Iceland’s Summer Travel Guide

It’s not a tropical island, but visiting Iceland in the summer has its perks. From extended daylight hours and mild temperatures to ice caves and hot springs. Plus, it’s only a short nonstop flight from the east coast and Europeans can reach the island by ferry!

Reykjavik

Reykjavík, Iceland
Photo Courtesy of Lonely Planet

You will most likely fly into Reykjavik or visit at some point during your journey through Iceland. It’s the country’s capital and the largest, most popular city. While chain hotels are common, opt for staying in a smaller boutique hotel like the Alda Hotel. Stay in one of their rooms with a private balcony and views of the sea and city.

Blue Lagoon

Blue Lagoon
Photo Courtesy of Guide to Iceland

Often considered the Disneyland of Iceland, the Blue Lagoon is a geothermal spa created in 1976 by the overflow of water from the power plant next door.

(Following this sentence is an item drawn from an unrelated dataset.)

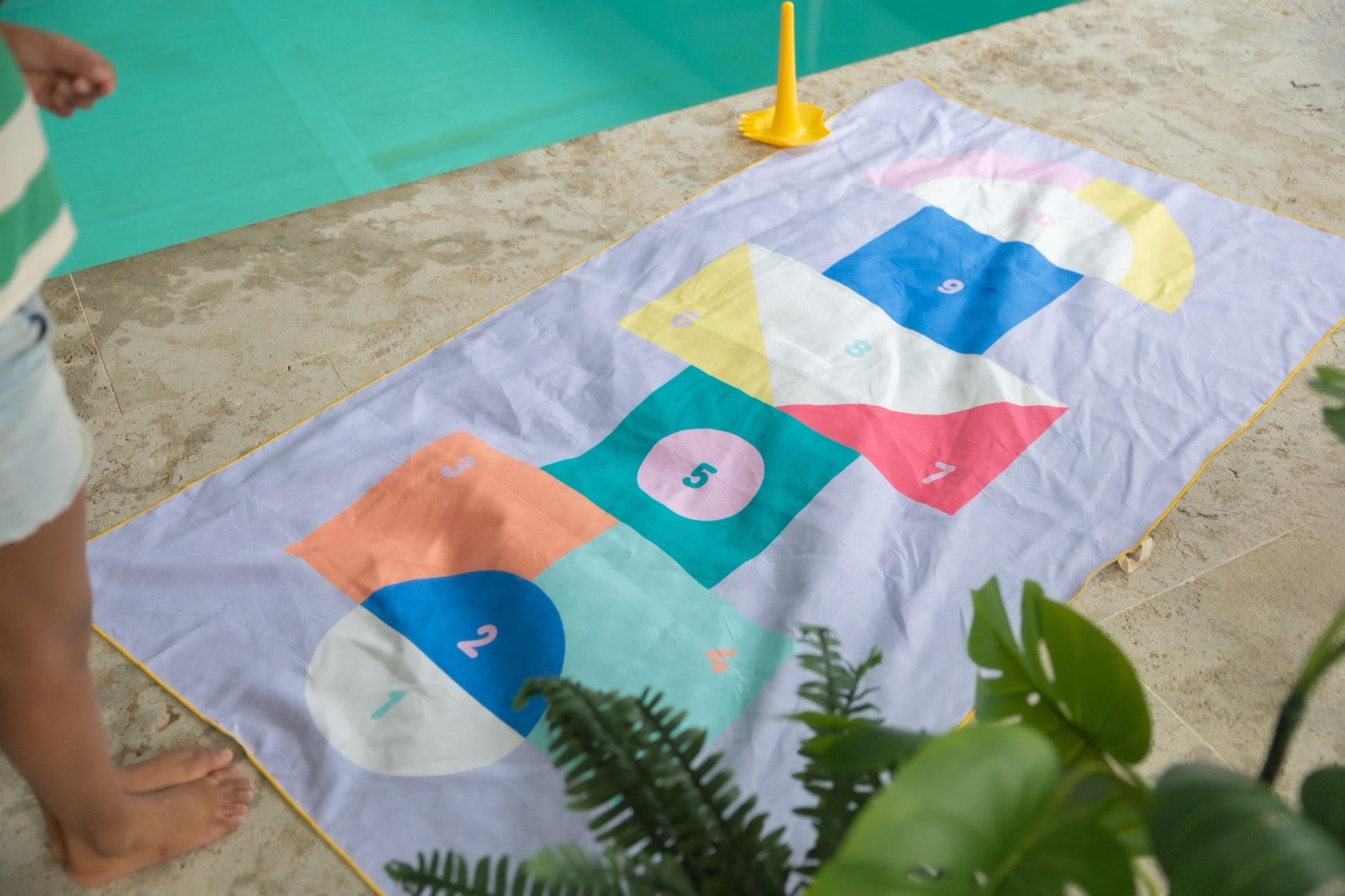 Quut - Quut - Strandlaken Speelhanddoek L (180 x 100cm) - Hinkelspel - Playlaan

The steaming waters and silica mud are said to have healing properties that lure hundreds of thousands of visitors each year. Communal bathing is an important Icelandic custom and while the Blue Lagoon is the most popular public pool, there are many others all over the country.

Lake Myvatn

Lake Myvatn
Photo Courtesy of Iceland Magazine

Located in northern Iceland, Lake Myvatn is a site to see. From desolate craters to bubbling mud pools and geothermal caves this area is full of adventure. You must travel through the highlands to get to Lake Myvatn, which is only accessible in the summer for a few short weeks. This is a great area for hiking and you won’t want to miss a dip in the Myvatn natural baths!

West Fjords

Hornstrandir Nature Reserve
Photo Courtesy of Embark.org

Visit the West Fjords if only for the scenery. The stunning green landscape and dramatic cliff sides make this area the ideal spot for camping and hiking. Since it becomes quite popular in the summer, opt for a more remote experience and head to Hornstrandir Natural Reserve, at the edge of the Arctic Circle.